Mut zur Verantwortung!
Wie also weiter? Das Eisenbahn-Bundesamt selbst zeigt in seiner Ablehnung der Umwidmung den Weg: Würde das Land dem Wohnungsbau gesetzlich denselben Stellenwert einräumen wie der Bahninfrastruktur, ließe sich eine Umwidmung rechtlich sauber begründen. Angesichts der vielen weiteren Bauvorhaben, die von ähnlichen Hürden bedroht sind, ist das dringlicher denn je.
Zwar ist die juristische Argumentation des Amts nachvollziehbar – eine großzügigere Auslegung zugunsten des öffentlichen Interesses am Wohnungsbau wäre dennoch wünschenswert. Vor allem aber macht die Entscheidung deutlich, wie unzureichend politische Zielsetzungen bislang rechtlich abgesichert sind. Statt auf eine Änderung des Bundesgesetzes zu hoffen, sollte der Senat die vom Amt selbst aufgezeigte Möglichkeit nutzen.
Das bedeutet vor allem, dass Berlin nicht länger allein auf private Investor:innen und Kooperationen mit landeseigenen Wohnungsunternehmen setzt, sondern aktiv Verantwortung übernimmt: durch eine öffentliche Baugesellschaft mit klarem Sozialauftrag, durch die gezielte Entwicklung eigener Grundstücke, durch Konzeptvergaben mit verbindlichen Sozialquoten, durch gesetzlich geregelte Mietobergrenzen und durch direkte Investitionen in den gemeinwohlorientierten Wohnungsbau.

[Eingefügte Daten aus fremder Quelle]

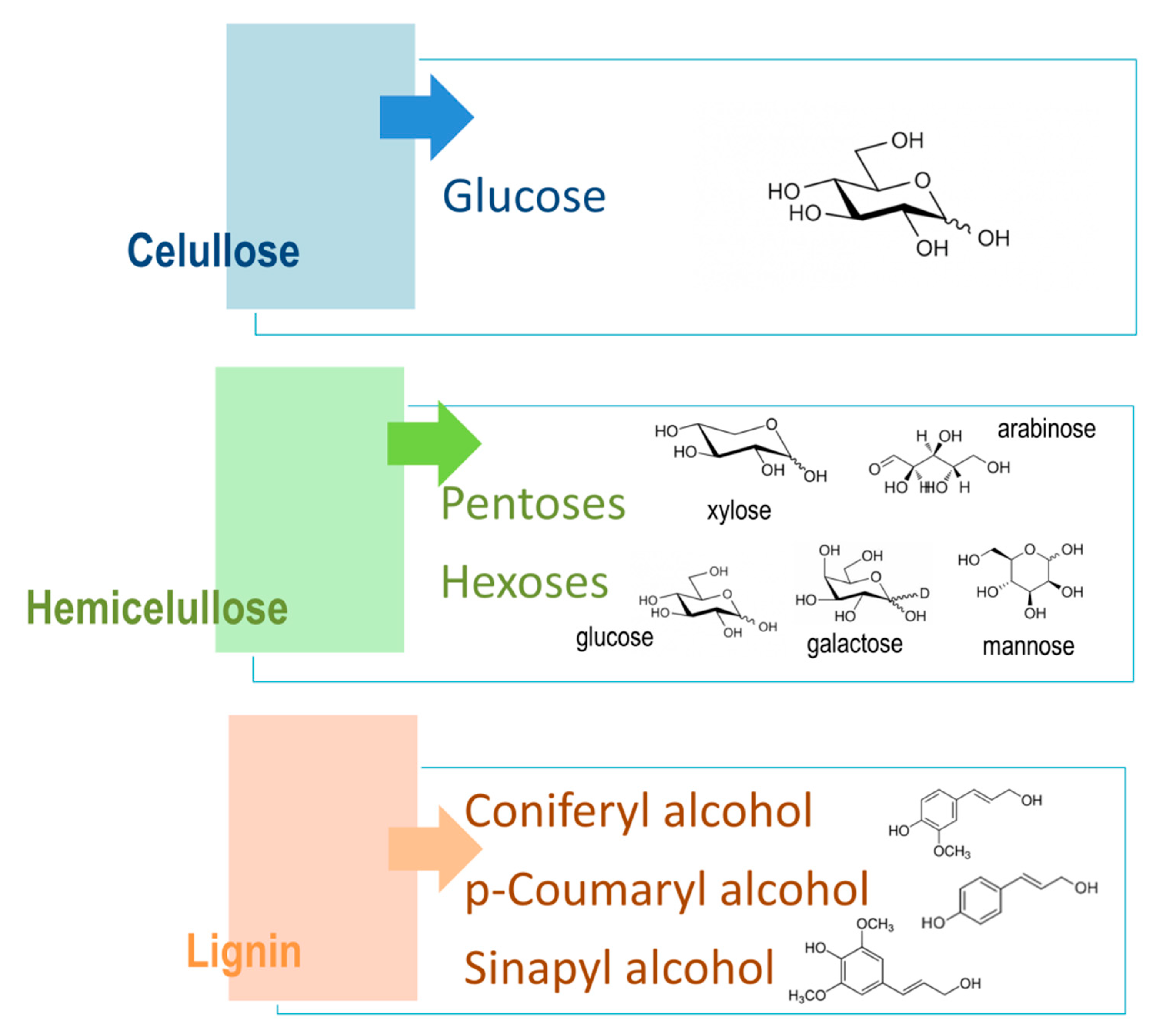 Molecules 26 00753 g004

Das Land Berlin muss nicht jede Wohnung selbst errichten – aber es muss steuern, beauftragen und dort selbst tätig werden, wo der Markt versagt. Denn die bisherige Strategie ist gescheitert. Die Neubauziele werden Jahr für Jahr verfehlt, und mit jeder neuen Koalition sinkt das Ambitionsniveau. Wer den Wohnungsbau ernsthaft als öffentliche Aufgabe begreift, muss ihn auch rechtlich und praktisch entsprechend behandeln.